Live load. Dead load. Governing code? What’s the difference between these structural design terms in regards to building design loads and how can they differ from structure to structure?

Insurance claim adjusters rejoice!

Here’s the scoop on all of the above terms and what you need to know before investigating your next structural design claim.

Dead loads: refer to loads that typically don’t change over time, such as the weights of materials and components of the structure itself (the framing, the flooring material, roofing material, etc.), and the weights of fixed service equipment (plumbing, HVAC, etc.).

Live loads: refer to loads that do, or can, change over time, such as people walking around a building (occupancy) or movable objects such as a flower pot on a deck.   In addition to live loads, what is known as environmental loads are loads that are created naturally by the environment and include wind, snow, seismic, and lateral soil pressures.

Snow Load

Snow Load image courtesy of Wikipedia.








What about building codes?

In terms of structural issues, building codes refer to a set of International Codes developed by the International Code Council (ICC) which umbrellas the following code sets: the International Building Code (IBC), the International Residential Code For One- and Two-Family Dwellings (IRC), the International Plumbing Code (IPC), and the International Mechanical Code (IMC).
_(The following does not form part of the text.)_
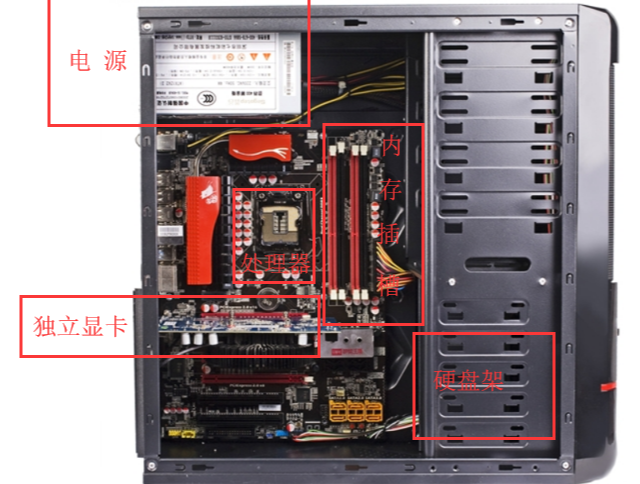 Win7电脑开机就黑屏怎么办？Win7电脑开机就黑屏处理方法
As far as structural claims go, make it a habit to first check with the local building department where the building in question is located in order to determine which code set is enforced.

It is equally important to check with the building department, as they may also issue specific requirements pertaining to the environmental loads.

Governing code: encompasses the building code that each building department enforces, as well as any specific requirements enforced in a given municipality (such as environmental loads). Most often, governing codes include amendments to the building code.

In addition to determining which building code set is applicable to your specific claim, the following building design factors also need close consideration:

  1. The risk, or occupancy category: refers to the type of habitation the structure is being used for to determine the risk to human life if the structure were to fail in some way.   For example, a structure that is used to store hay compared to a structure that is used as an elementary school would be in significantly different risk categories, as an elementary school constains more elements of safety for human life.
  2. Dead load factor: which takes into consideration the types of materials used to build the structure and the associated material weights.  While most single family homes are made out of wood framing materials, commercial structures can vary from wood, to metal, to concrete.
  3. The design of live loads: what is the purpose and use of the structure? What are the live load requirements for the structure? For example, a single family home, a restaurant, and a stadium would all have different live load requirements. Moreover, the IBC lists live load requirements for differing rooms within a structure.  For example, a library has a higher requirement for live load in a room where books are stacked versus a room that’s designated just for reading, because rows and rows of books weigh a lot more than a few people each reading one book while sitting on some chairs.